# Two exercises about real numbers

• Apr 16th 2012, 12:50 PM
osodud
Hello!!

1.- Let $a,b,c$ be real positive numbers and $abc = 1$

Prove that: $\displaystyle\frac{a}{(a+1)(b+1)} + \displaystyle\frac{b}{(b+1)(c+1)} + \displaystyle\frac{c}{(a+1)(c+1)} \geq{\displaystyle\frac{3}{4}}$
Hint: $\sqrt[ ]{xy} \leq{\displaystyle\frac{x+y}{2}}$

2.- Let $a,b,c$ be real positive numbers and $a+b+c = 1$

Prove that: $(\displaystyle\frac{1}{b} + 1)$ $(\displaystyle\frac{1}{b} + 1)$ $(\displaystyle\frac{1}{c} + 1)$ $\geq{64}$

Thanks a lot!!
• Apr 17th 2012, 02:19 AM
a tutor
Re: Two exercises about real numbers
Hi.

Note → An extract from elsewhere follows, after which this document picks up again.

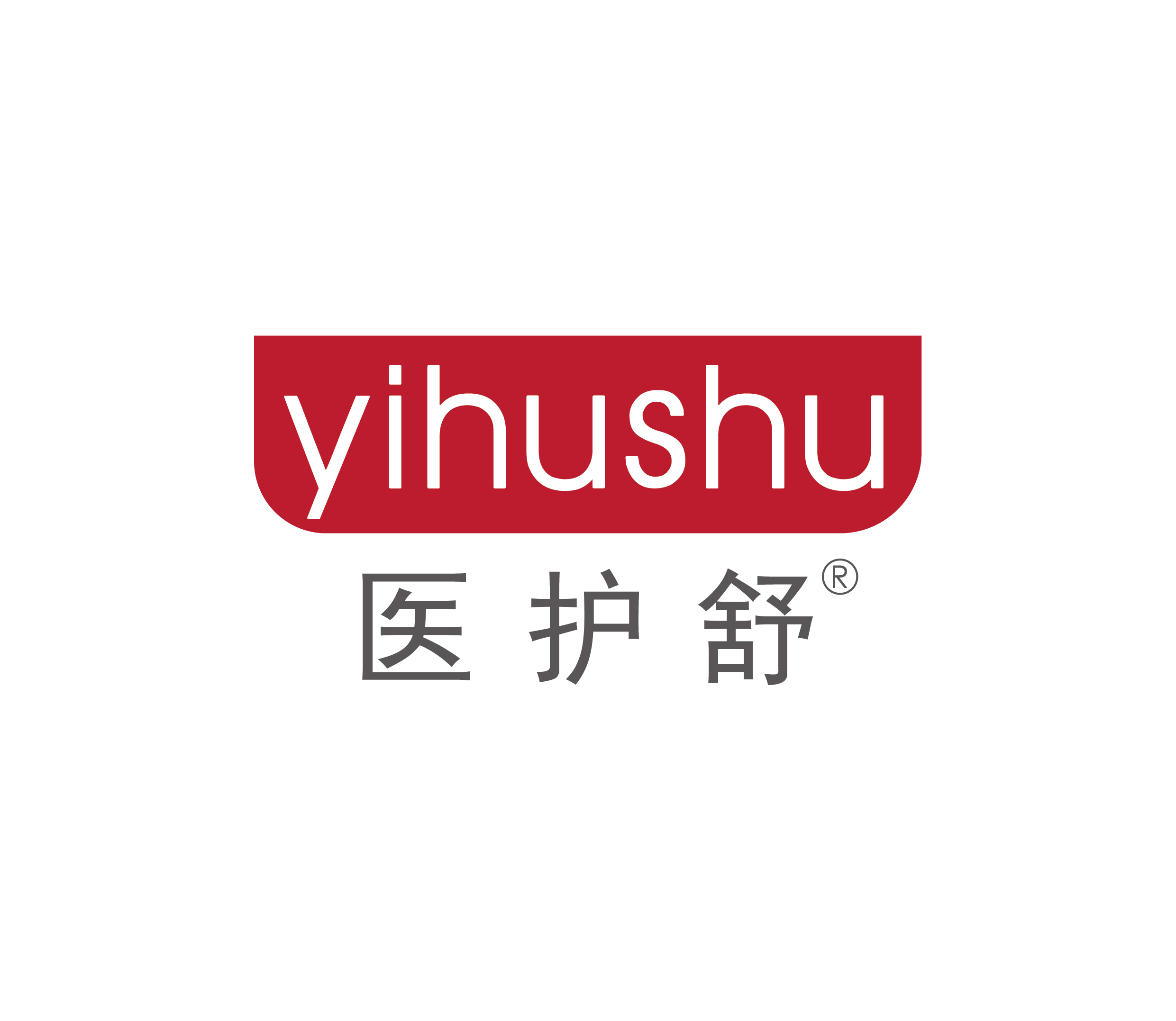 醫護舒（yihushu）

I worked from the inequality towards something I know is true and then rewrote the proof in the correct direction.

It's a bit clumsy but here's how I started.

$(a-1)^2\ge 0$

similar for b and c.

$(a-1)^2\ge 0 \Rightarrow a+\frac{1}{a}\ge 2$

add three of those together to get $a+\frac{1}{a}+b+\frac{1}{b}+c+\frac{1}{c}\ge 6$

Now add 2 to both sides and ask yourself what is another way to write $\frac{1}{a}$ etc and what is another way to write 1?

I'm a bit rushed just now.

Ask if you need more hints.
• Apr 17th 2012, 10:02 PM
osodud
Re: Two exercises about real numbers
• Apr 17th 2012, 11:39 PM
a tutor
Re: Two exercises about real numbers
$a+\frac{1}{a}+b+\frac{1}{b}+c+\frac{1}{c}\ge 6$

$a+\frac{1}{a}+b+\frac{1}{b}+c+\frac{1}{c}+2\ge 8$

Now, using the fact that abc=1..

$a+bc+b+ac+c+ab+abc+1\ge 8$

Now factorise the left hand side,

$(a+1)(b+1)(c+1)\ge8$

and then rearrange a little,

$1-\frac{2}{(a+1)(b+1)(c+1)}\ge\frac{3}{4}$.

Nearly there...